Mohammed, the alleged mastermind of the 9/11 terrorist attacks, and four accused co-conspirators will be tried by a military commission in Guantanamo Bay, Cuba, instead of in a civilian court in New York, Atty. Gen. Eric Holder Jr. announced Monday. The move marks a shift in the Obama administration's policy in the face of sharp opposition from a host of officials, some of who had earlier supported a civilian trial in New York.
"We were prepared to bring a powerful case against the 9/11 defendants in federal court, and had this case proceeded as planned, I'm confident our justice system would have performed with the same distinction that has been its hallmark for more than 200 years," Holder said in Washington, D.C. "Unfortunately, members of Congress have intervened and imposed restrictions blocking the administration from bringing any Guantanamo detainees to trial in the United States."
In 2009, the Obama administration had pushed to try Mohammed in a civilian court in New York, but faced complaints from Republicans and Democrats, who opposed moving the terror suspects to U.S. prisons.
The Obama administration had sought civilian trials arguing the decision was a moral and legal one.

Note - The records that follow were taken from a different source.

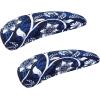 imageSmiry Stretch Printed Office Computer Chair Covers2 Pcs Soft Office Chair Armrest Covers Navy Blue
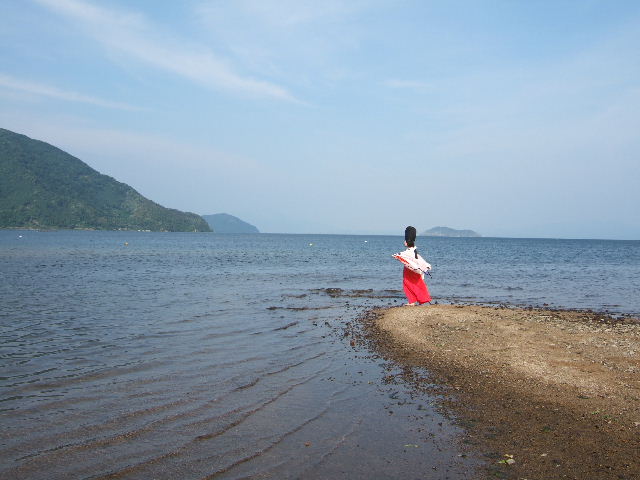 白拍子舞の奉納　川裾宮　唐崎神社にて　２００８．６．１６_c0153880_19283555.jpg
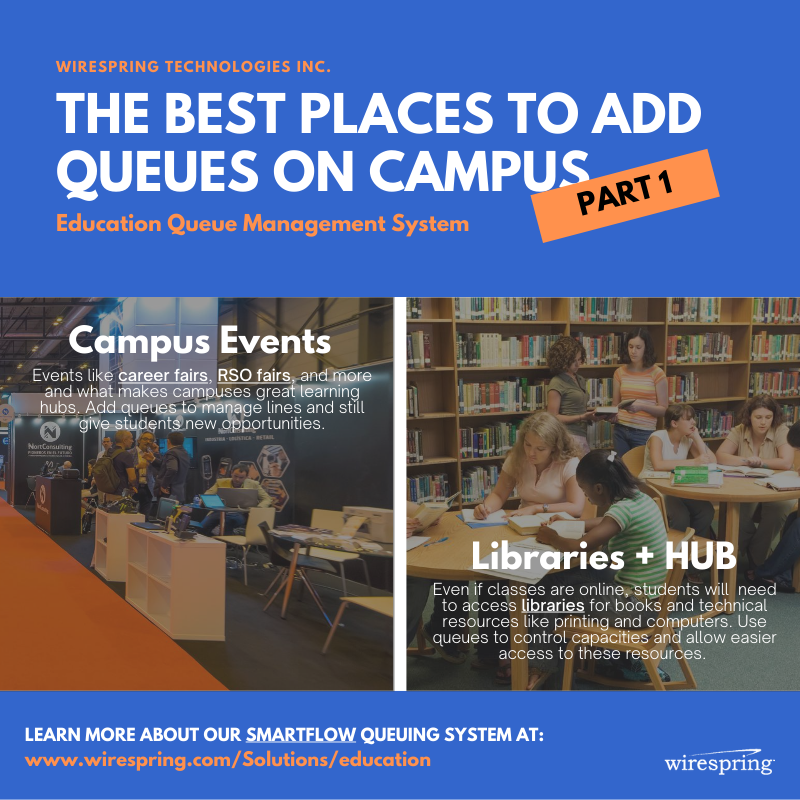 wirespring's tweet photo. Many #universities are getting ready for in-person classes this fall and campus reopening plans are basically just canceling everything. With queue management systems, universities can still provide the college experience, but SAFER. 

More at: https://t.co/YhD6g15CHq

#education https://t.co/5EBQyyiff1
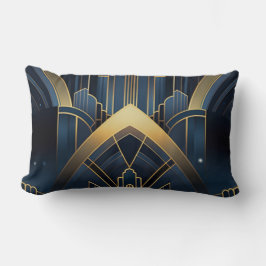 Éclat Urbain en Art Deco Lumbarkudde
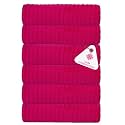 Casa Copenhagen - Egyptian Cotton Emerald 6 Pcs Face Towel (30 X 30 cm) Colour : Pink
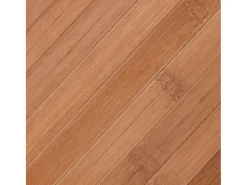 Alfombra rectangular natural 100x100 cm bambú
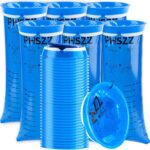 40 Pack Vomit Bags Disposable, Leak Resistant Barf Bags, Portable Blue Vomit Bag, 1000 Ml Emesis Puke Throw Up Nausea Motion Sickness Bag for Car, Aircraft, Taxi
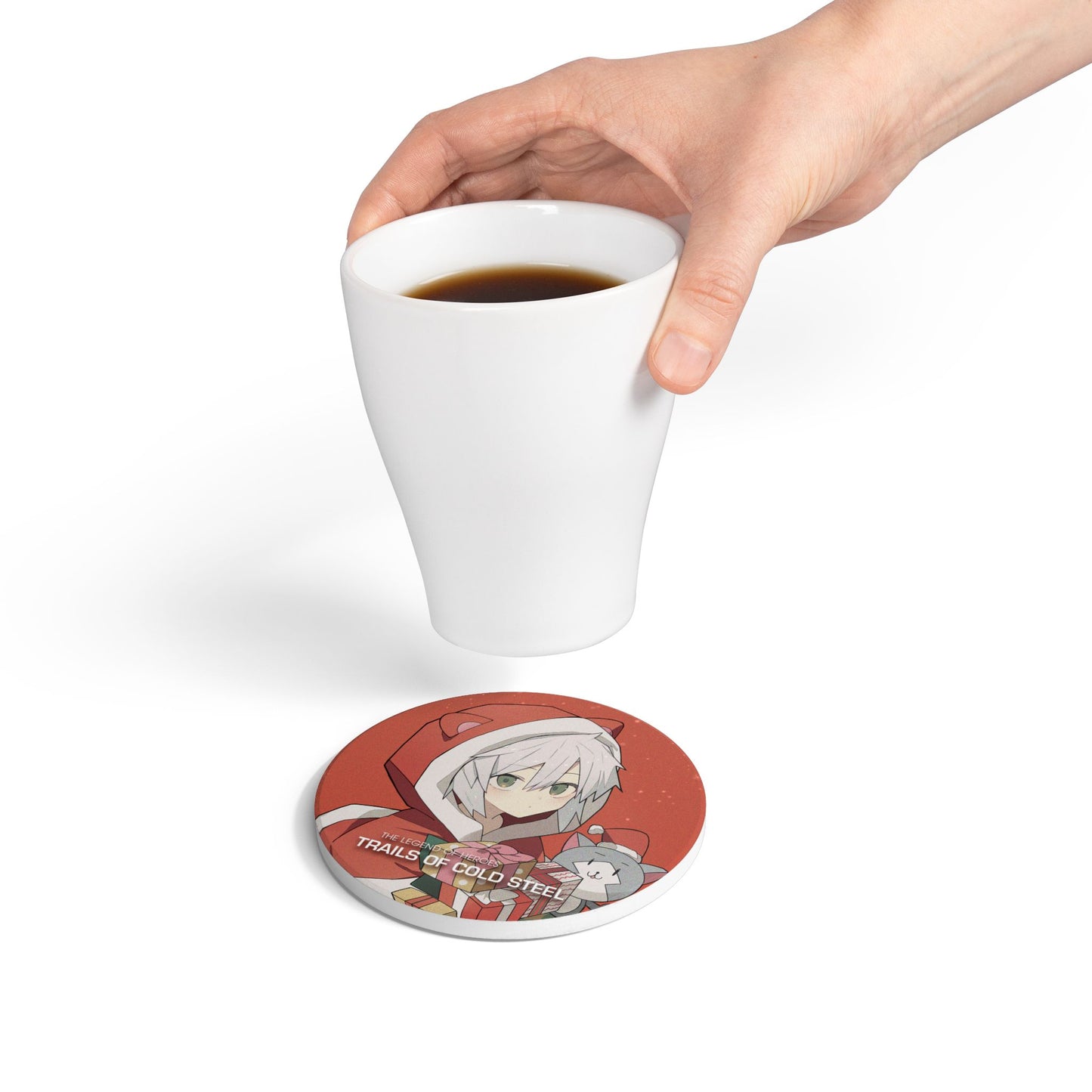 The Legend of Heroes: Trails of Cold Steel Officially Licensed Christmas Coaster — Fie Claussell and Mishy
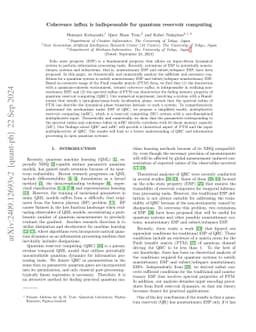 Coherence influx is indispensable for quantum reservoir computing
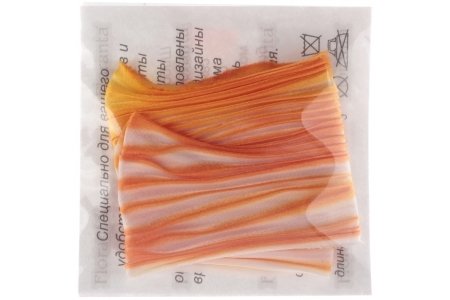 Лента шибори FLORANTA SHIBORI, оранжевый/белый, 120мм, 20см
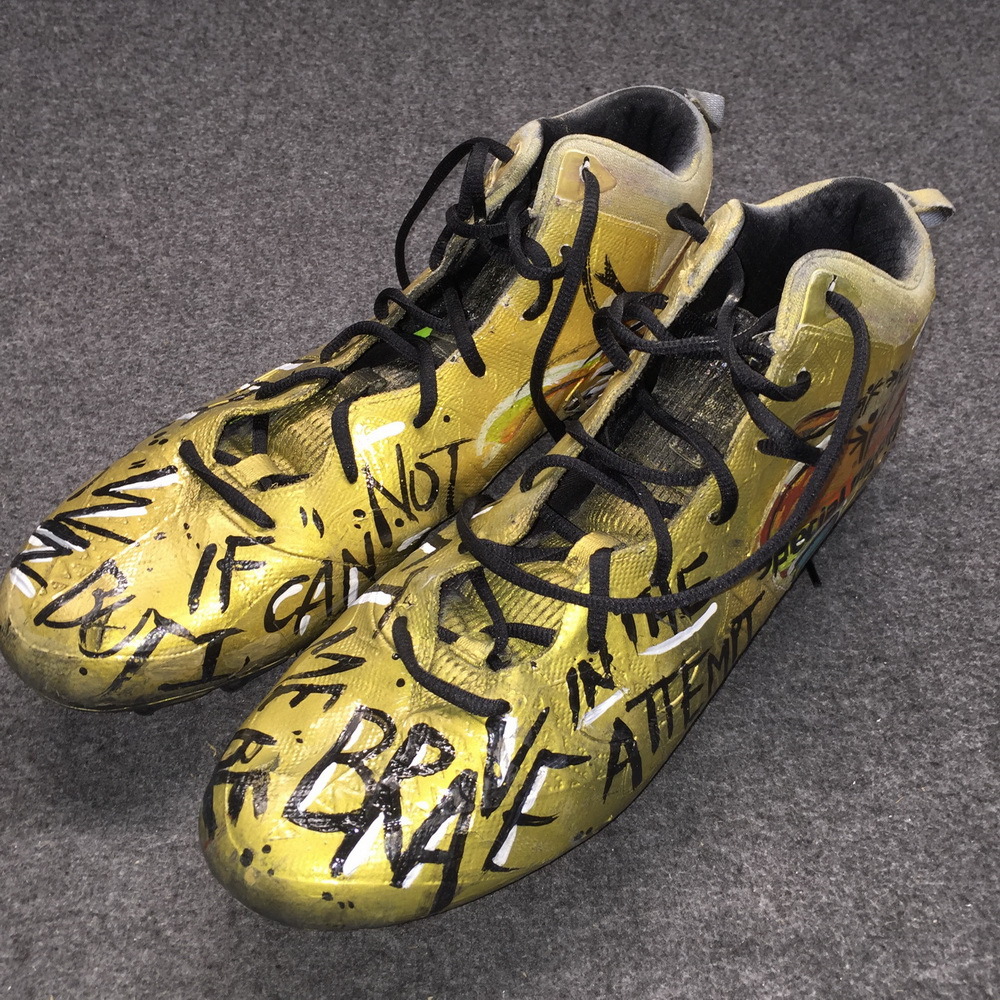 My Cause My Cleats Saints Michael Hoomanawanui signed and game worn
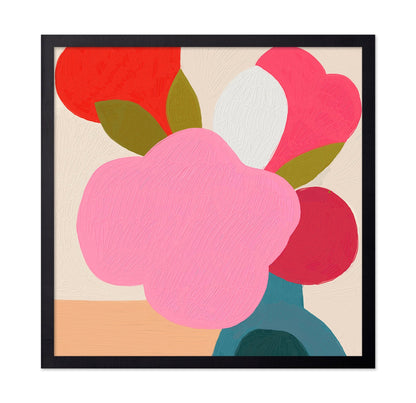 Bold Pink Floral Vase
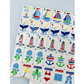 Bam!  Let's Mahjong:  Nantucket Tile Collection with Matching Mat and Shuffler (Seaside Blue)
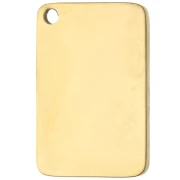 Breloque carte postale 18x12 mm - Acier inoxydable 304 Doré x1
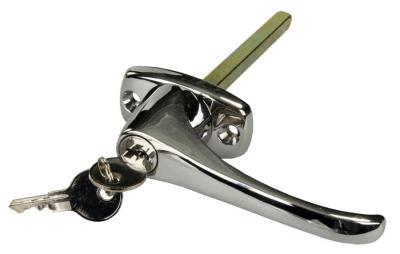 JR PRODUCTS LOCKING L-HANDLE  CHROME [10895]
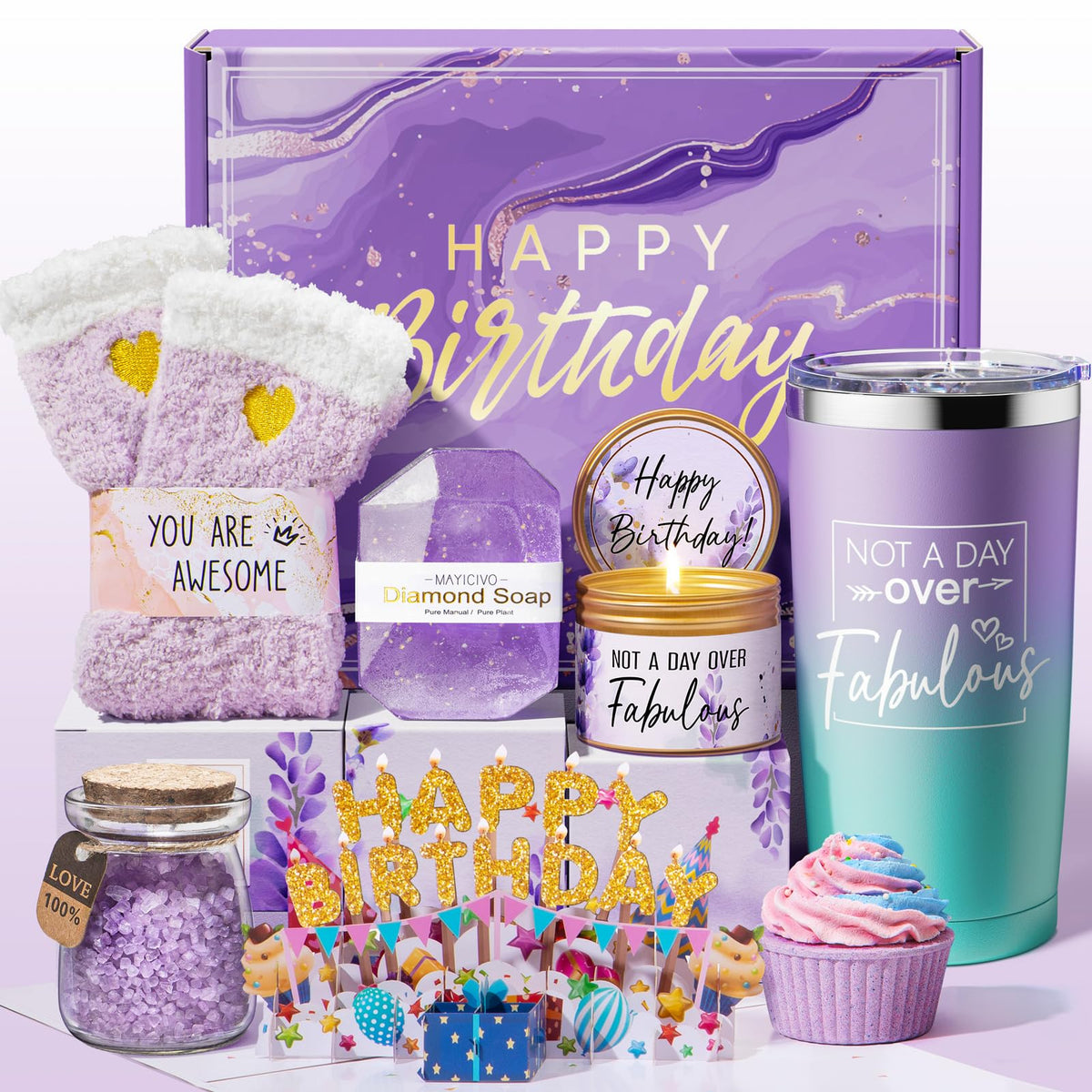 Mayicivo lavender spa gift box for a relaxing at-home pampering experience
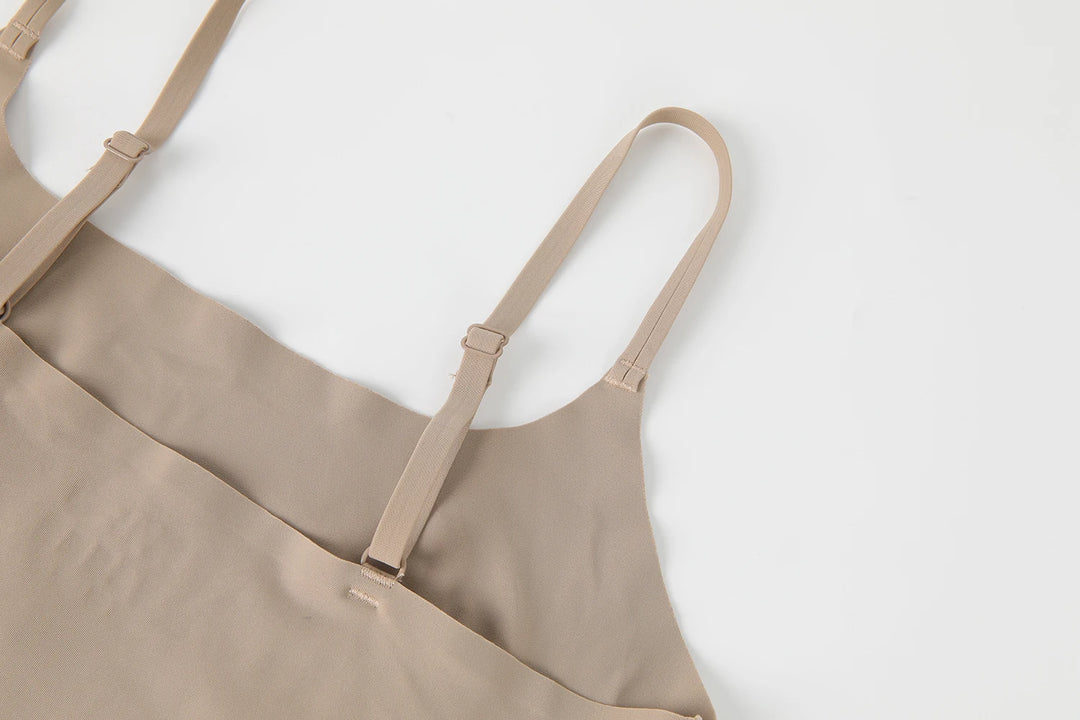 New Tank Tops Camis Women Crew Neck Shapewear Waist Tummy Control Body Camisole Summer Black Nude Smooth Slimming Vest New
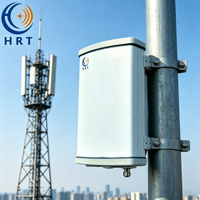 Antenne panneau compacte 3 bandes 698-960/1400-2700/3300-3800 MHz pour répéteur de station de base IoT et amplificateur de signal cellulaire 4G 5G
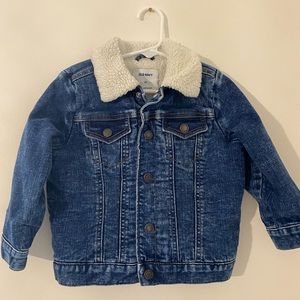 3T Old Navy denim jacket Sherpa lined
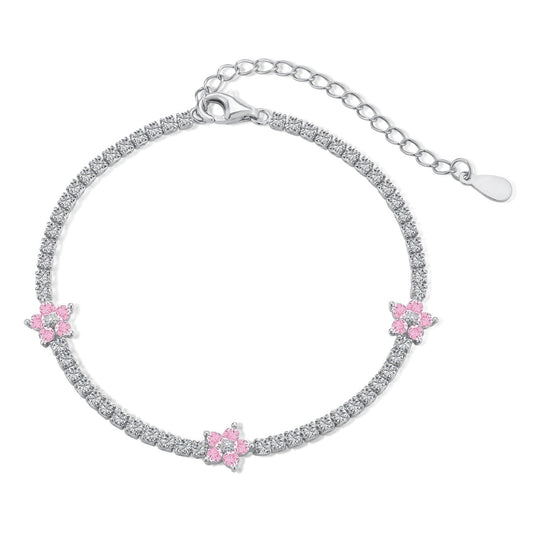 [Glimmer Jewelry]煌めくフラワーシェイプテニスブレスレット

By moving the trials to a civilian venue, the United States would demonstrate its commitment to the rule of law.
"We need not cower in the face of this enemy," Holder told Congress at the time, explaining his decision. "Our institutions are strong, our infrastructure is sturdy, our resolve is firm, and our people are ready."
Obama strongly backed his attorney general, telling reporters on a trip to Asia: "We have to break ... this fearful notion that somehow our justice system can't handle these guys."
But those efforts failed to sway some New York City officials, including Mayor Michael Bloomberg and some members of Congress, both Republicans and Democrats, who raised security questions about a civilian trial in New York, the site of the destruction of the World Trade Center.
Bloomberg initially supported having the trial in Manhattan, just blocks from the World Trade Center. "It is fitting that 9/11 suspects face justice near the World Trade Center site where so many New Yorkers were murdered," Bloomberg said at the time. Even New York Police Commissioner Raymond W. Kelly called it appropriate.
But as the cost of trying the suspects mounted to more than $200 million a year, public officials began to reverse themselves. There was the fear that New York could again become a target for terrorist attacks in retribution for the trial.
Leading the GOP criticism was former Mayor Rudolph Giuliani, a onetime Republican presidential aspirant, who was in charge of New York when the airliner attack took place on Sept. 11, 2001. But the Republican complaints also had a legal component, as key lawmakers argued that a civilian trial would criminalize what they saw as a war effort.
Sen. Lindsey Graham (R-S.C.) said in November he believed he had the votes to block Mohammed from being tried in a civilian court.
"I think it is a big mistake to criminalize the war, to take someone you've held under the law of war as an enemy combatant for six or seven years, then put them in civilian court," Graham said in November. "It is a disaster waiting to happen."
In a prepared statement Monday, Sen. Charles E. Schumer (D-N.Y.) praised the Obama administration for moving ahead with the military trials.
"This means with certainty that the trial will not be in New York. While not unexpected, this is the final nail in the coffin of that wrongheaded idea. I have always said that the perpetrators of this horrible crime should get the ultimate penalty, and I believe this proposal by the administration can make that happen," Schumer stated.
Mohammed allegedly proposed the concept for the Sept. 11 attacks to Osama bin Laden as early as 1996, and helped recruit and train the hijackers who attacked the World Trade Center and the Pentagon in Washington.
The four alleged co-conspirators include Walid bin Attash, Ramzi Binalshibh, Ali Abdul Aziz Ali and Mustafa Ahmed Hawsawi.